AIM OF THE EXERCISE
Everything from the line containing "Mercedes-Benz E 220" through the final line of the entries must be repeated exactly, and only that, without pictures.
--- START ---
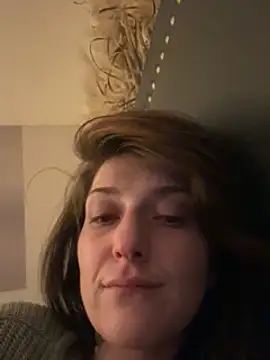 2brokegirlz online show from 03-11-25, 09:45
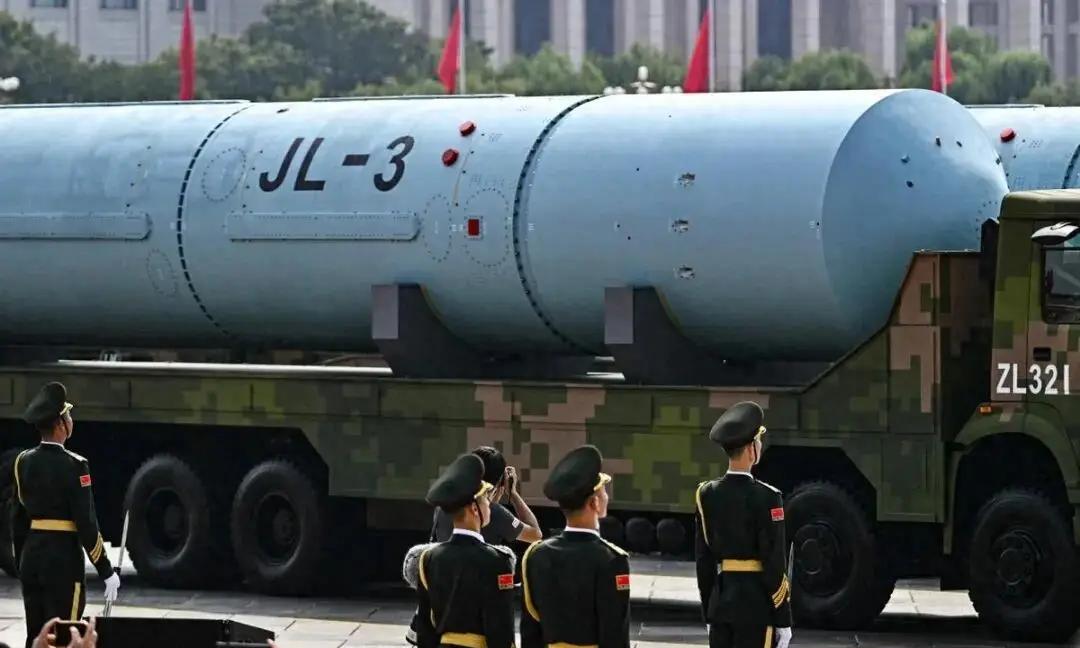中国九三阅兵二十多天后，美国俄罗斯都有了举动，美国是暗指中国，俄罗斯直接面对欧州
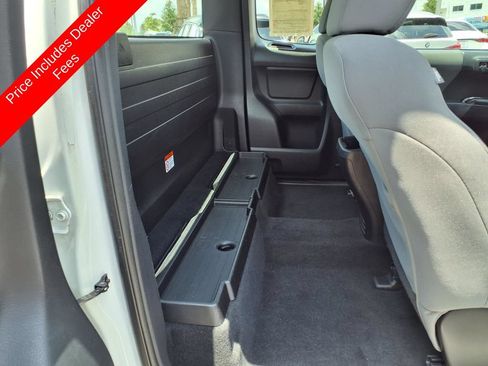 Used 2017 Toyota Tacoma SR AWD/4WD image 12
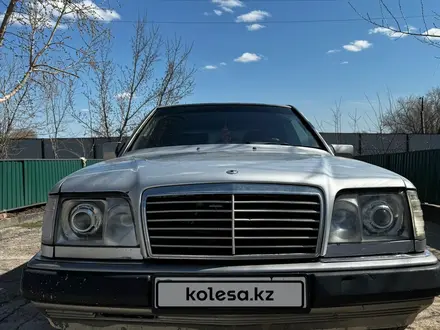 Mercedes-Benz E 220 1993 года за 1 700 000 тг. в Жезказган – фото 2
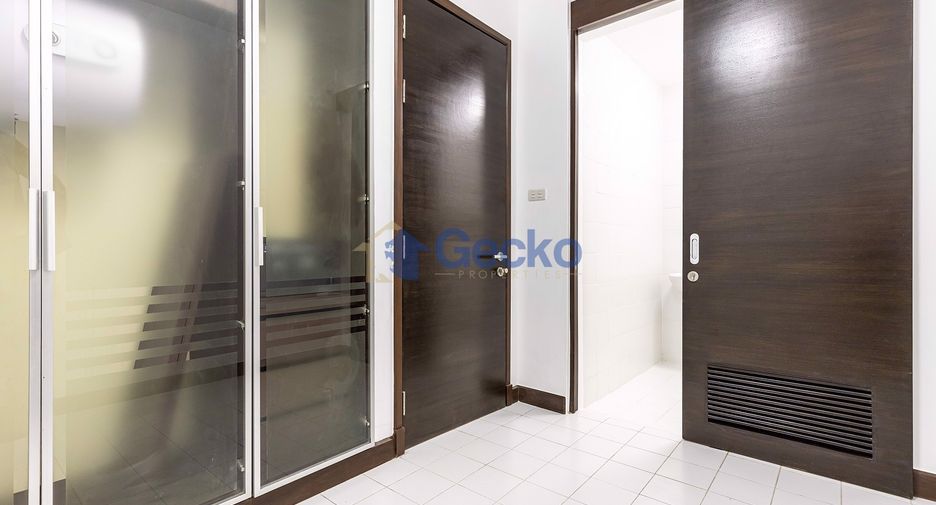 For sale 3 bedrooms condo in Jomtien, Pattaya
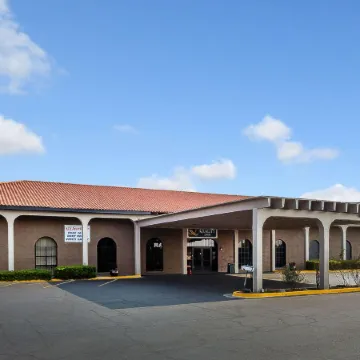 Quality Inn Forsyth Near GA Public Safety Training Center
--- END ---
RESPONSE
 Mercedes-Benz E 220 1993 года за 1 700 000 тг. в Жезказган – фото 2
 For sale 3 bedrooms condo in Jomtien, Pattaya
 Quality Inn Forsyth Near GA Public Safety Training Center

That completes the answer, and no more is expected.